Toutes ces constatations sont issues du laboratoire cérébral, et se trouvent ensuite vérifiées par l’expérience : du moins expliquent-elles certains phénomènes nucléaires et neuro-psychiques.

Naturellement, il est assez difficile et subtil d’établir une frontière nette en ce qui concerne les phénomènes du laboratoire objectif et ceux du laboratoire mental. Les exemples pourtant que je viens de donner montrent quand même la différence qu’il y a entre une élaboration théorique à partir de la manipulation des faits et celle qui est issue du cerveau lui-même, et que l’expérience objective vérifie après coup.

Sans doute, cette possibilité et cette liberté de l’imaginaire peut être dangereuse. Combien de malades mentaux ai-je rencontré à Sainte-Anne, imaginant et construisant des représentations du monde. Aussi le cerveau comme laboratoire doit-il être particulièrement surveillé et contrôlé a posteriori, en chacune de ses démarches a priori, lesquelles doivent partir des faits enregistrés par le système psychique. Ainsi, la logique trialectique que j’ai élaborée avec cet état T, si important, résulte de l’examen mental de la microphysique qui révèle le contradictoire. Dans mon cerveau, la logique trialectique des trois valeurs n’est pas une invention mais une découverte mentale à partir des processus et des opérations des phénomènes énergétiques, c’est dans ce sens que je considère que mon cerveau est mon laboratoire.
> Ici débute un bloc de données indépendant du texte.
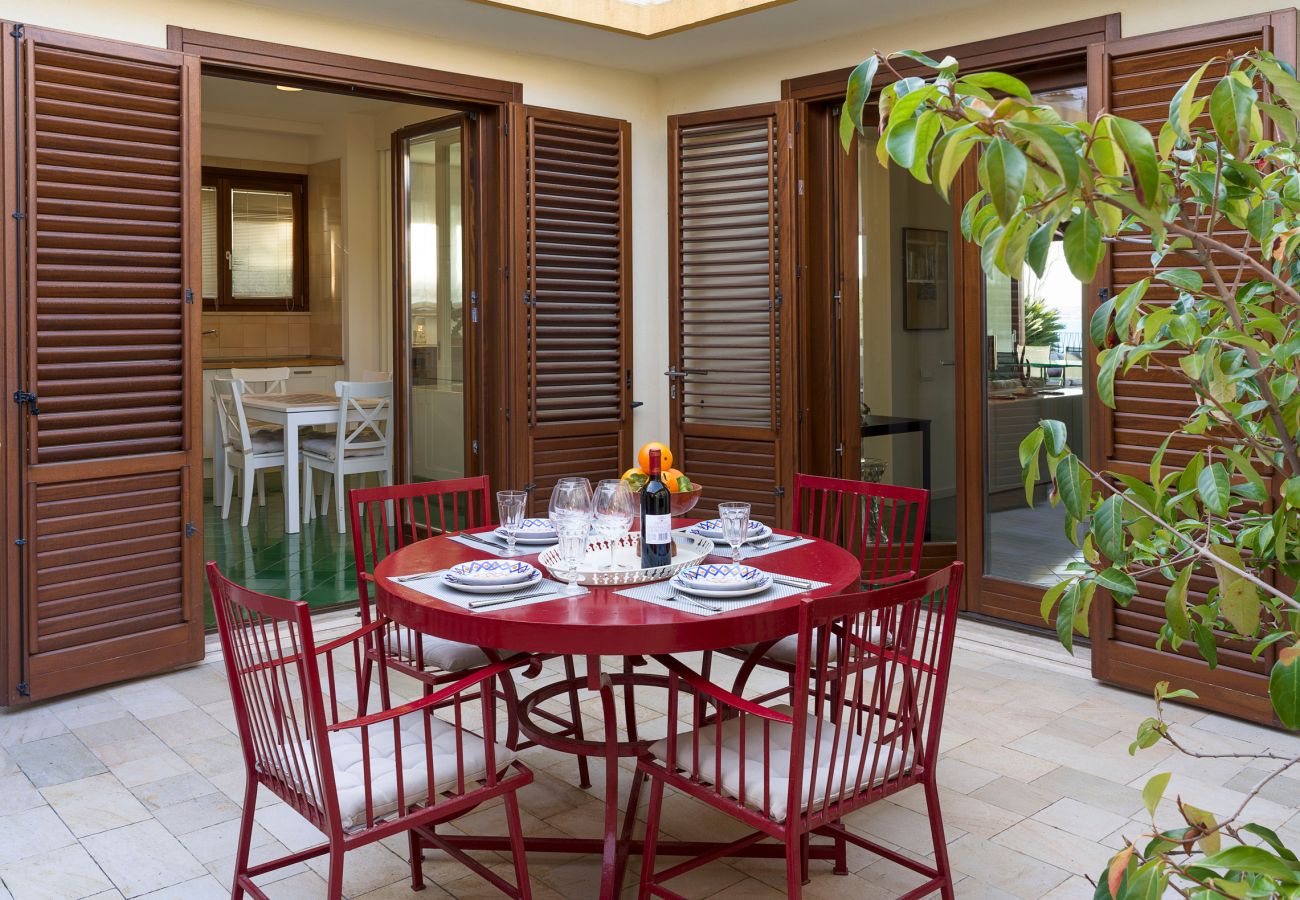 Villa a Augusta - Bellissima villa vista mare, con piscina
Sans doute s’agit-il de la connaissance de la connaissance, la connaissance mentale de la connaissance scientifique expérimentale, la conscience de la conscience qui lui procure les données enregistrées par les phénomènes neuro-psychiques de la perception et de la motricité ou action.

Mais il faut qu’une discipline scientifique extrêmement rigoureuse préside aux élaborations intra-mentales du laboratoire psychique.

Que si ce laboratoire mental est celui de la destinée des hommes et des peuples, c’est-à-dire un laboratoire mental politique, on voit rien qu’à lire l’Histoire ou la simple destinée d’un homme quelconque le nombre de réussites et de catastrophes que ce laboratoire mental politique engendre. Sans doute la bataille d’Austerlitz a-t-elle été conçue dans le cerveau de Napoléon, mais la campagne de Russie également !

L’imaginaire est une arme aussi prodigieuse que redoutable. Gare à ceux qui la manipulent en toute liberté, quels en sont les garde-fous ?

Je crois peut-être les trouver dans la logique à trois valeurs et sa trialectique, dont il faut se pénétrer et s’armer en présence des êtres et des choses, mais cela c’est une toute autre histoire.